Keep only the lines that hold the string "trees", filtering out the rest of the entries below.

## Data to process
======
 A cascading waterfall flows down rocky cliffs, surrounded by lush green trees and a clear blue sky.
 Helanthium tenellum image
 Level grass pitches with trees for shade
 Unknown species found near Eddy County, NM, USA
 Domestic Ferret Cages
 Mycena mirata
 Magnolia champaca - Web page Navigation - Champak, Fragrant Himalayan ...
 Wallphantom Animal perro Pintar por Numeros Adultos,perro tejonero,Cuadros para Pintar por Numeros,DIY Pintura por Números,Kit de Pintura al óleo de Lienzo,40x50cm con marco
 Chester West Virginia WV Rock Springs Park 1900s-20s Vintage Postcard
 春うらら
======
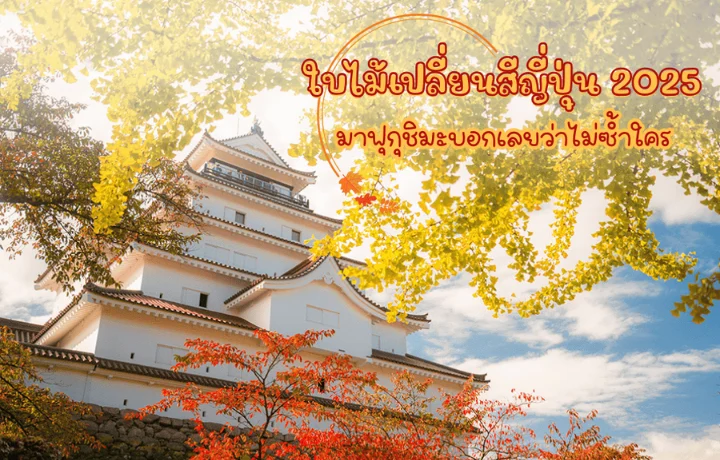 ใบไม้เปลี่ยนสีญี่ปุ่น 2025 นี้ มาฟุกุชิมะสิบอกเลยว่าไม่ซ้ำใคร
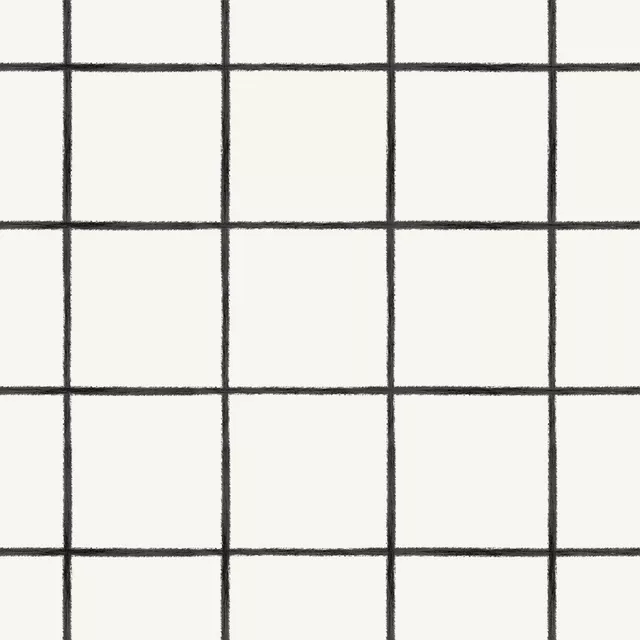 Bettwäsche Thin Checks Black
======
## Solution for this problem
 A cascading waterfall flows down rocky cliffs, surrounded by lush green trees and a clear blue sky.
 Level grass pitches with trees for shade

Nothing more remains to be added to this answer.